Every time I go to the grocery store, I see shelves stuffed with alkaline water. I always shake my head, because I happen to know what the body does with any food or water that is alkaline or acidic. It buffers it to the normal pH of the body so that alkaline water doesn’t do anything. Well, it is expensive.

There are a lot of bogus reasons to drink alkaline water, but we’re going to focus on just one of the claims — it helps prevent cancer. I’ll make this simple, no it does not.

There are so many inaccurate, misleading, and harmful claims about cancer that I could spend years just debunking them. One of the most popular assertions is that acidic blood causes cancer — that is, if you lower the pH of the blood, it creates an environment to let cancer thrive.

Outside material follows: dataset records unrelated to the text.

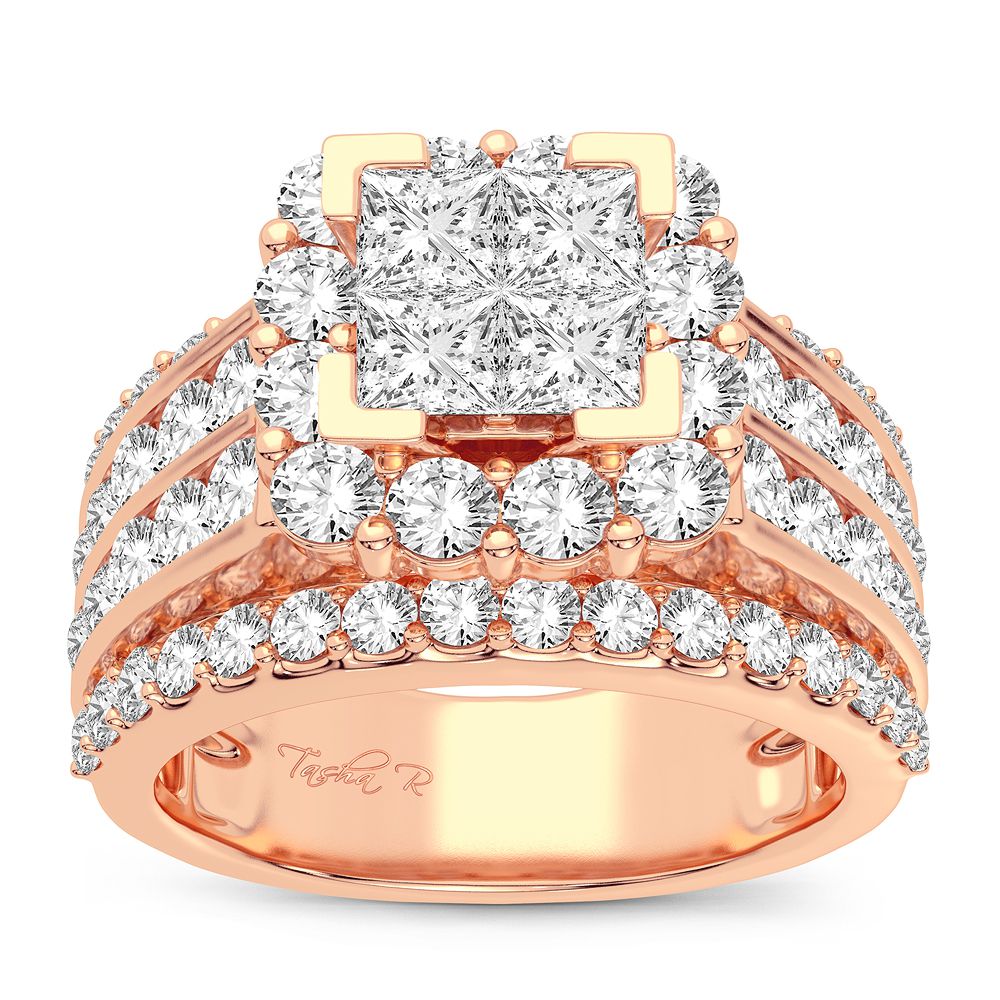 14K Rose Gold 3.00CT Diamond Bridal Ring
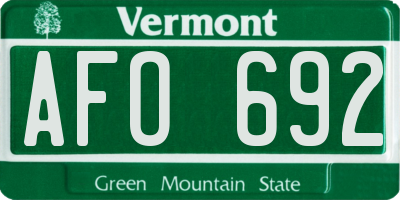 VT license plate AFO692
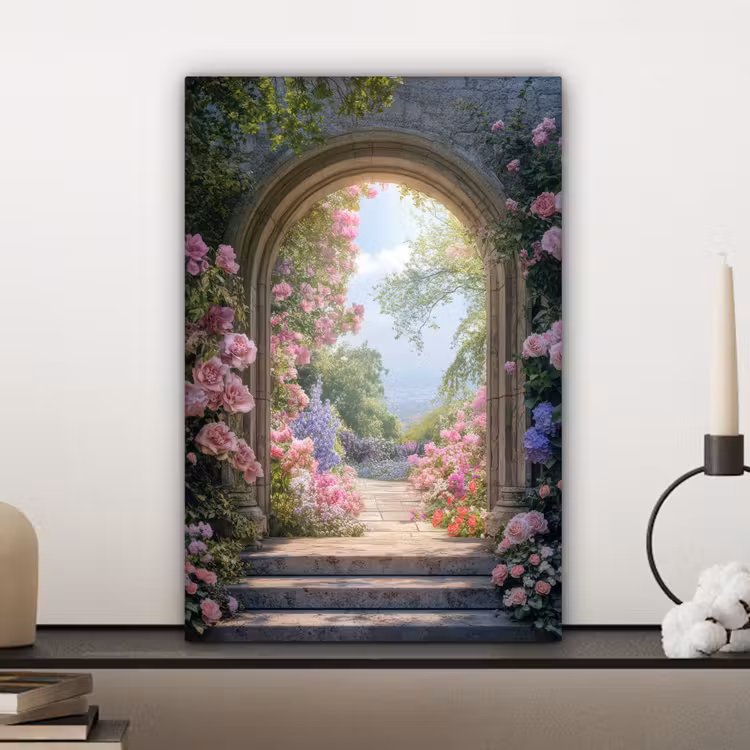 Canvas schilderij - Doorkijk - Rozen - Vintage - Bloemen — 4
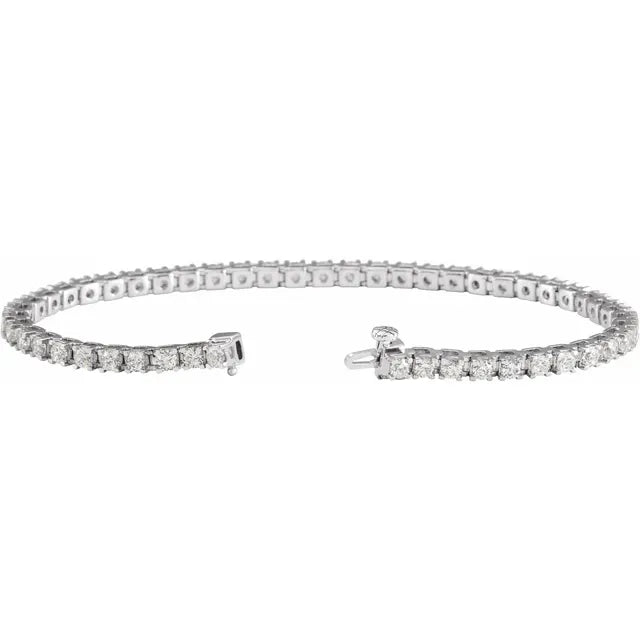 2.8mm- 4ct Natural Diamond Tennis Bracelet
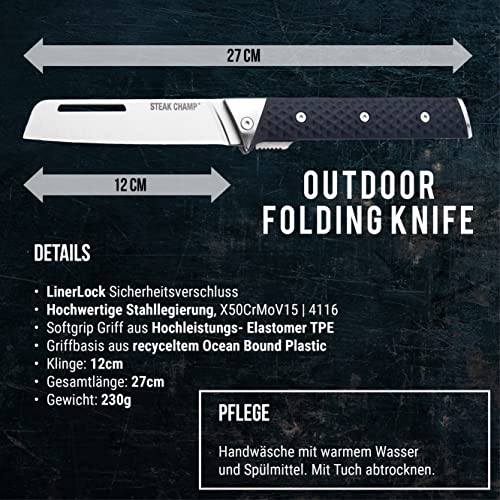 STEAK CHAMP ferðahnífur „BBQ MASTER“ 4.5" / 12cm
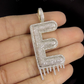 2" 2 CTW 10K Solid Gold Natural Diamond Letter 'E' Initial Drip Pendant CustomDiamJewel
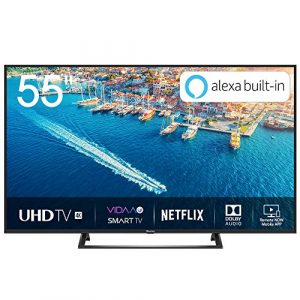 Hisense H55BE7200 – Smart TV 55′ 4K Ultra HD con Alexa Integrada, Wifi, HDR, Dolby DTS, Peana Central, Procesador Quad Core, Smart TV VIDAA U 3.0 con IA, compatible con dispositivos Echo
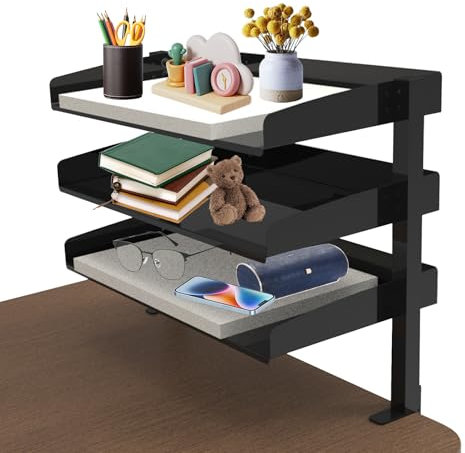 GDWD Klemmbare Schreibtisch Organizer Regal, Schreibtischregal Klemmbar, 3 Stöckig Clip On Desk Shelf, Kohlenstoffstahl Schreibtische Regalaufsatz Klemmregal für Zuhause Büro Tisch Computertisch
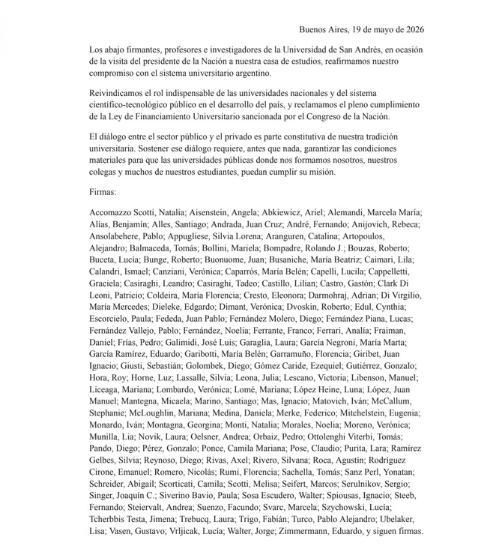 Comunicado de docentes de la Universidad de San Andrés.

Now, I have written this about a hundred times on this blog (I am not kidding) — there are only a handful of scientifically sound methods to potentially lower your risk of cancer. Quit smoking is near the top. Stay out of the sun. Maintain a healthy (that is, very low) weight. Don’t drink alcohol. Get exercise. And a handful more.

And even if you do all of them, you just reduce your absolute risk, not completely eliminate it. You could randomly get a set of mutations – there are several trillion cells in the body, and even if genetic copying in cell division or transcription were 99.999% perfect, it still leaves millions of chances of mutations – that lead to cancer.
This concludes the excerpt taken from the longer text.